Özgürlük Ne Demektir? Rousseau mu Haklı, Nietzsche mi? Rousseau’ya göre insanlar doğuştan özgürdür. Ve zamanla toplum, kurallar, yasalar, gelenekler vb. insanı kısıtlar. Kolay örneklerden biri ise okula gitmek zorunda olmamız, ve bunun ile birlikte bazı saatlerde dışarı çıkamayışımız, bazı şeyleri yapmamız yasak olması. Gerçekten de düşündüğümüzde, hayatımızda Rousseau’nun dediği gibi bir çok zincir bulunabilir. Rousseau’nun dediği gibi bu zincirler bizi sınırlıyor olabilir.

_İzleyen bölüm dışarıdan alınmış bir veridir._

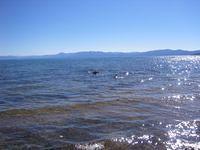 IMG_4604.JPG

Rousseau’nun aksine Nietzsche özgürlüğe farklı bir yerden pencereden bakarak özgürlüğe sorumluluk almayı bilmek diyot. Ona göre özgür olmak, sadece “Ben istediğimi yaparım.” demek değil, bu özgürlük tanımı için yetersiz. Eğer özgür olmak istiyorsak yaptıklarımızın sonucunu da kabul etmeliyiz, sorumluluk alarak ayağımızı yorgana göre uzatmalıyız. Mesela ders çalışmazsak kötü not alırız. Bunu bilerek çalışmayı seçiyorsak, bu bizim özgür kararımızdır. Ama hem çalışmayıp hem de suçlamaya başkalarını kalkarsak, bu Nietzsche’nin düşüncesine göre gerçek özgürlük değildir.

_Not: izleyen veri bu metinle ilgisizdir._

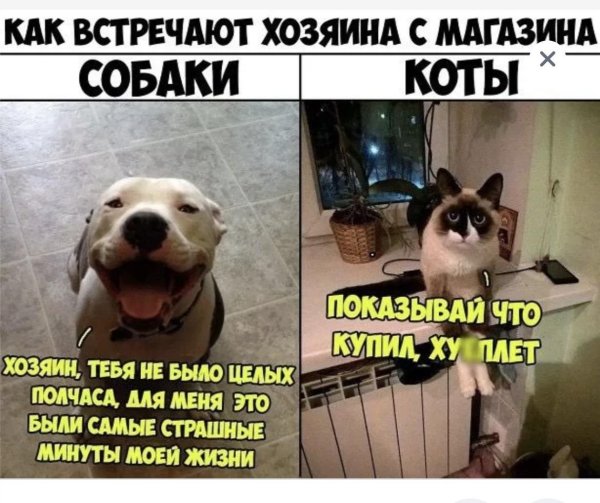 смешные комментарии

Her ne kadar ikisi de çok haklı olsa, eğer kişi, istisnasız ve gerçekten özgür olabilse idi, özgürlük diye bir kavrama ihtiyaç kalmazdı diye düşünüyorum. Buna irade diyebilirdik, çünkü, işin sonunda bu bizim seçeneğimiz. Bir eylem yada objeyi seçebilme lüksüne özgür olduğumuz için değil, bunu yapabildiğimiz için ve bizim aksiyonlarımızın kendimize mahsus olduğundan dolayı kimsenin karışmaması gerektiğinden yapabiliriz.

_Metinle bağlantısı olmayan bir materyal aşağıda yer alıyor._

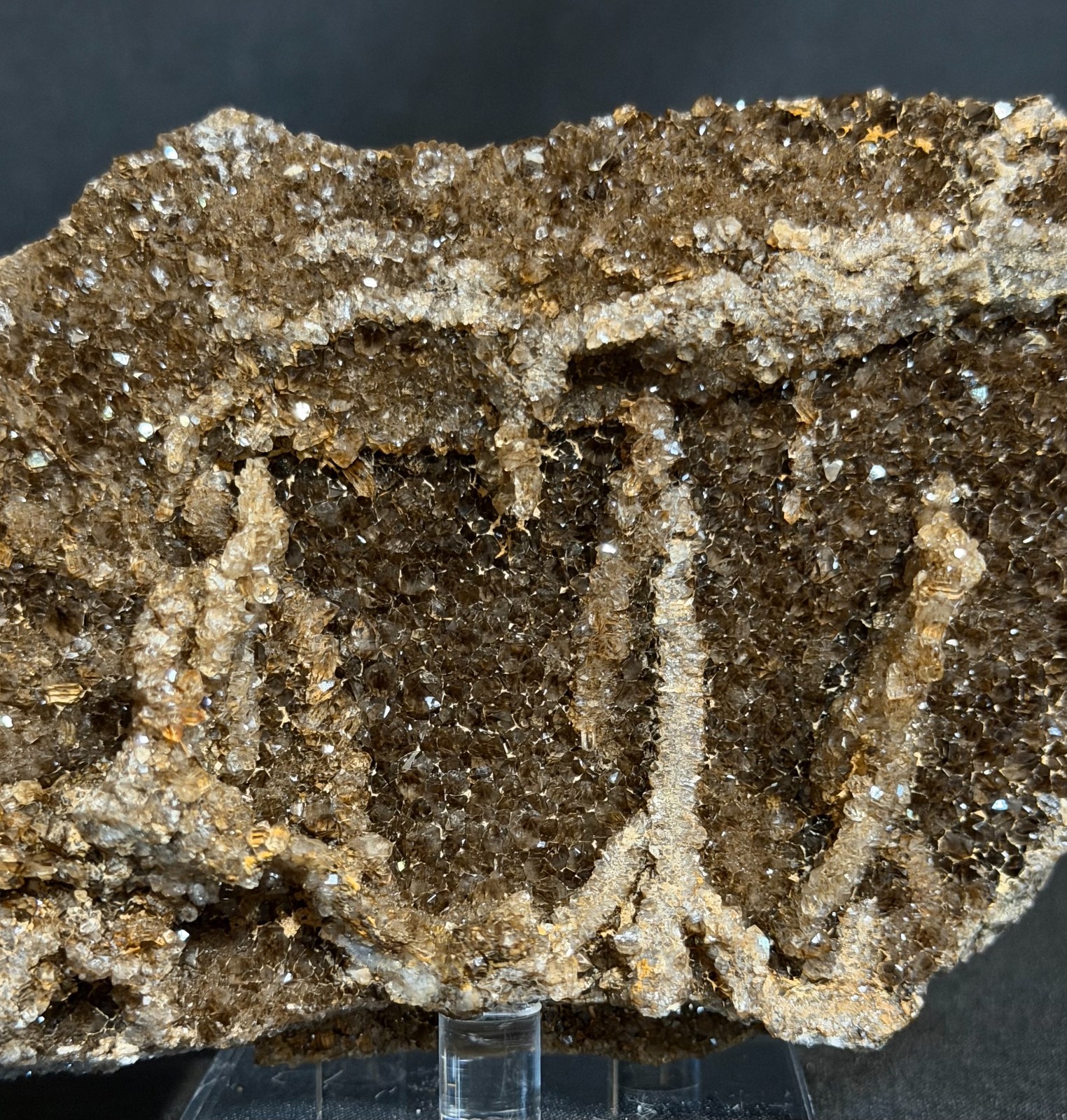 245g RARE Brilliant Petrified Wood - Large Crystals and Lace - UV Reactive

Günün sonunda, yaptığın olay kötü olsa bile, hala insanlar şuan olduğu gibi kendilerini bahanelerle savunup avutabilecekler. Sadece ben özgürüm demek yerine yapabiliyordum yaptım diyecekler. Çok bir fark yok ama özgürlük tanımını kullanmak kişiye bir sınır ve sorumluluk bağlar. Sen istediğin derecede özgürlüğe ulaşamazsan da kargaşa çıkarırsın, genel olarak dünya böyle işler. Belki de bu özgürlüğümüzün bize verdiği sorumluluktan kaçmak için yüzyıllardır başkalarının özgürlüğüne el koyuyoruzdur. Buna özgürlük demeden akış değişebilir, bu denendi mi bilmiyorum, fakat yakın zamanda olabileceği mümkün. Sisteme göre nasıl bir şekil verilir onu da bilmem mümkün değil.
Kısaca düşüncem, Nietzsche ve Rousseau haklı oldukları kadar haksızlar da. Olaya, yere, zamana göre değişebilir ve bağımlı düşünceler bunlar.